The Department of Defense's Advanced Research Project Agency (ARPA) gave its approval to develop such a structure in August 1958. Development of the three-stage Saturn 1 began in December 1959.
In early 1960, the second stage was changed so that six less powerful engines replaced the four 20,000-pound second-stage engines, and the third stage was eliminated. Assembly of the first flight vehicle began in May 1960. The first 162-foot (49-meter)-long vehicle, weighing nearly 1 million pounds (453,592 kilomgrams) was launched on October 27, 1961, from Cape Canaveral.
At the same time, NASA was working on developing a larger vehicle, named the Saturn 1B, to serve as a launch vehicle for the test Apollo spacecraft. The first Saturn 1B suborbital flight took place on February 26, 1966, with an unmanned Apollo spacecraft as payload. Flight testing was halted in January 1967 after the fire that killed three astronauts. The carrier returned to service in January 1968, and by October, both the redesigned Apollo spacecraft and the Saturn 1B were judged safe for piloted flights. On October 11, the Saturn 1B successfully launched the crewed Apollo 7, the only piloted mission that used a Saturn 1 vehicle.
Saturns 1 and 1B were mere preludes to the Saturn V needed to propel a human crew to the Moon. Designed under the guidance of Wernher von Braun, the three-stage Saturn V would be the largest operational launch vehicle ever built.
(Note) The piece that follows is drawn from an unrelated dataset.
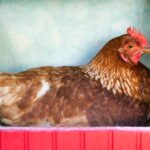 Cara Mengurangi Stres Ayam Jago & Meningkatkan Kualitas Ayam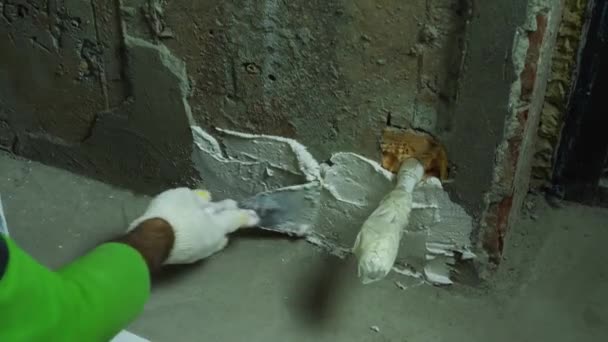 Seorang Pria Bersarung Tangan Dengan Plester Sekop Dinding Konsep Dari — Stok Video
Standing more than 363 feet (111 meters) high with its Apollo spacecraft payload, the first stage produced nearly 7.7 million pounds (34 million newtons) of thrust at lift-off. The first Saturn V was launched in November 1967.
The Saturn V launch vehicle consisted of three stages:
The first stage included the five F-1 engines that lifted the heavy rocket fast enough to escape Earth's gravity. The second stage contained five J-2 engines producing 1.15 million pounds (5 million newtons) of thrust that took the vehicle and payload to 115 miles (185 kilometers) altitude. The third stage contained one J-2 engine producing 230,000 pounds (1 million newtons) of thrust. This engine boosted the spacecraft to orbital velocity and remained attached to the spacecraft in Earth orbit. The engine was reignited to propel the spacecraft into its lunar trajectory before finally being discarded.